EXERCISE BRIEF:
Lines from the first one down to the one containing "Modern cep telefonunun vektör illüstrasyonu" in the data below are the only ones needed; please return them exactly, both ends included.

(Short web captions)
BEGIN
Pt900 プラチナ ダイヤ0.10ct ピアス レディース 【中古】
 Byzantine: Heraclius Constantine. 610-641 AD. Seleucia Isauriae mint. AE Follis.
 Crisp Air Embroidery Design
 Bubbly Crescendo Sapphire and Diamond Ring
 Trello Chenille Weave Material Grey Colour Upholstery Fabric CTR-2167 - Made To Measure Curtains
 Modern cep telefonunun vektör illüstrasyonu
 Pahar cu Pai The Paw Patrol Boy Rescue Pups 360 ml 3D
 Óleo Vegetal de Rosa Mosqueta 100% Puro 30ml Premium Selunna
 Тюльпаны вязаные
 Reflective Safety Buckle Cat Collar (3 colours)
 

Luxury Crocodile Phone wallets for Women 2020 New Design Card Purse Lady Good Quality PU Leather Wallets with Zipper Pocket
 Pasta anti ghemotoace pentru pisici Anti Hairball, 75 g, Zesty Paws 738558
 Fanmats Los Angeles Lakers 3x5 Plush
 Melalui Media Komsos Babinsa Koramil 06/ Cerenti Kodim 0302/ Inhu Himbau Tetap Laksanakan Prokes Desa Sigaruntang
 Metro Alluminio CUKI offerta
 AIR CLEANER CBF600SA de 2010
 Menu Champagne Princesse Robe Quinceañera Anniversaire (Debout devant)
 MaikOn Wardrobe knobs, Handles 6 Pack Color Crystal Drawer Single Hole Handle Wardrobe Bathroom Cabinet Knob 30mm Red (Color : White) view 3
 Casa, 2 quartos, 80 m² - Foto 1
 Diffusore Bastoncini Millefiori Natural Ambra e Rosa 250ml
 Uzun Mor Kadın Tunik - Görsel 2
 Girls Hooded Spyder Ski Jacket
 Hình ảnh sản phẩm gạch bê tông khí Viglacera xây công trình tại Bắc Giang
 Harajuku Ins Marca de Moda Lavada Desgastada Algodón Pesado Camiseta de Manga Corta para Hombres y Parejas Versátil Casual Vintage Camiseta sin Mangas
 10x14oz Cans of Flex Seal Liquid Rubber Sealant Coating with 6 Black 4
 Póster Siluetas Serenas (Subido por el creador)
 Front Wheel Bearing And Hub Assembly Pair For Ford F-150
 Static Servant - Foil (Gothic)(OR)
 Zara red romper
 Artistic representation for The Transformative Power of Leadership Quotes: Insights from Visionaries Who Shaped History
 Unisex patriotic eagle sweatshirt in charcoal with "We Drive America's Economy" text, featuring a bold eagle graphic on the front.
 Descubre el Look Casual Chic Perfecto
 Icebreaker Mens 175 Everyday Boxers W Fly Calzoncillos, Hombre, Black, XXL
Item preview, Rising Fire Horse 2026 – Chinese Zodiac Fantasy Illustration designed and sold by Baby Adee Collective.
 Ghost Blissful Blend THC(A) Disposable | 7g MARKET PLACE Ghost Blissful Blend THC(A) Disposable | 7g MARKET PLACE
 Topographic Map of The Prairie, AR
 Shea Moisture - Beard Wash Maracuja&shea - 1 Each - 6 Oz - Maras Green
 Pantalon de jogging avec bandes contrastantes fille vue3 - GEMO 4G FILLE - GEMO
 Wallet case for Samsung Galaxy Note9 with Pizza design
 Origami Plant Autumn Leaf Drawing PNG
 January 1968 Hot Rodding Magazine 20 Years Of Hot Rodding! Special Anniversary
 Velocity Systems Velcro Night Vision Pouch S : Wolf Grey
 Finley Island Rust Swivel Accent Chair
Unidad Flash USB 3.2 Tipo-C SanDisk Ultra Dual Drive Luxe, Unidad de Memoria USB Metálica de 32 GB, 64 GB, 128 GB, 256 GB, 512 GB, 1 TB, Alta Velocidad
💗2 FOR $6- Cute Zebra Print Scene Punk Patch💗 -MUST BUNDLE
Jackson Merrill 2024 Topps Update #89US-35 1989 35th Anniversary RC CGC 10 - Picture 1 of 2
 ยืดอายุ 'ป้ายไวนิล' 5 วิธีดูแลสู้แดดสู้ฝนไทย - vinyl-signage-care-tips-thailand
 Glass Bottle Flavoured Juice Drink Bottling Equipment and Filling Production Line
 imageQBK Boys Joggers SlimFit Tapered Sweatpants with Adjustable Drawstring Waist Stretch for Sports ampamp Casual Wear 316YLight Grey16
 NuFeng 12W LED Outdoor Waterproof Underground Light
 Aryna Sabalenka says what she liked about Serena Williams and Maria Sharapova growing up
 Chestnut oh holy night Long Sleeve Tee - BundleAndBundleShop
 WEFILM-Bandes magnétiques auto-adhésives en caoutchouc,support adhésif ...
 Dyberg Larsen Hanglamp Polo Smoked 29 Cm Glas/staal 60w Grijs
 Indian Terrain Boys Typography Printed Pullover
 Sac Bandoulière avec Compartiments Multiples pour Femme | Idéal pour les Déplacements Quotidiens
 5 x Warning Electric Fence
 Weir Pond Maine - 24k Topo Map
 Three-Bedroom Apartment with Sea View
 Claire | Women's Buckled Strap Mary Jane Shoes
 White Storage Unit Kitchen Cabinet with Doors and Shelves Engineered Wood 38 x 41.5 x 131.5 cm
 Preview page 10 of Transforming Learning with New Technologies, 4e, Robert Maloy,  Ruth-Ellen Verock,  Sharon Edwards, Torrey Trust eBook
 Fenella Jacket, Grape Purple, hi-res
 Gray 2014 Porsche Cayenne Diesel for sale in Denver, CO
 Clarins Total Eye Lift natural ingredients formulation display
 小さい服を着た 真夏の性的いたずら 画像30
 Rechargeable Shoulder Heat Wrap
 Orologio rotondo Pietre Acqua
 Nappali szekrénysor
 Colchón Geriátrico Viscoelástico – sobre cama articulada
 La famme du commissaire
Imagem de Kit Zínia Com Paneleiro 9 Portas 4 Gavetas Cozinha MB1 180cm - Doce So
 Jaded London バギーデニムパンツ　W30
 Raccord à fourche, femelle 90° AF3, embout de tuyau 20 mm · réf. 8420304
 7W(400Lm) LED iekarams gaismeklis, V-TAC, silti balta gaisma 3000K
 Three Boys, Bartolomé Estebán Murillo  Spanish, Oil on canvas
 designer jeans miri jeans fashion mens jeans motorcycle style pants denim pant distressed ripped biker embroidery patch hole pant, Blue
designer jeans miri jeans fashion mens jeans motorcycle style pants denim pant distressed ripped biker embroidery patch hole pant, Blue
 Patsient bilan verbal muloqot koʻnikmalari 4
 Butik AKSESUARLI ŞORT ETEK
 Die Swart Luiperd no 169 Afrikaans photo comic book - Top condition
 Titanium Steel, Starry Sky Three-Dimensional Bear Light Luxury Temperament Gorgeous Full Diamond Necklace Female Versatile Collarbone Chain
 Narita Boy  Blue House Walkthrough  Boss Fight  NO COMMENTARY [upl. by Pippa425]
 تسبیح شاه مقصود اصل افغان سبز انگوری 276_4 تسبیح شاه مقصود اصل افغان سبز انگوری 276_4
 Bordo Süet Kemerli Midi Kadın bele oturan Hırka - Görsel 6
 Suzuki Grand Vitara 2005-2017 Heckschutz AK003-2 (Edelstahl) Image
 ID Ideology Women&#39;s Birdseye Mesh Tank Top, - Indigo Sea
END
EXERCISE SOLUTION:
Pt900 プラチナ ダイヤ0.10ct ピアス レディース 【中古】
 Byzantine: Heraclius Constantine. 610-641 AD. Seleucia Isauriae mint. AE Follis.
 Crisp Air Embroidery Design
 Bubbly Crescendo Sapphire and Diamond Ring
 Trello Chenille Weave Material Grey Colour Upholstery Fabric CTR-2167 - Made To Measure Curtains
 Modern cep telefonunun vektör illüstrasyonu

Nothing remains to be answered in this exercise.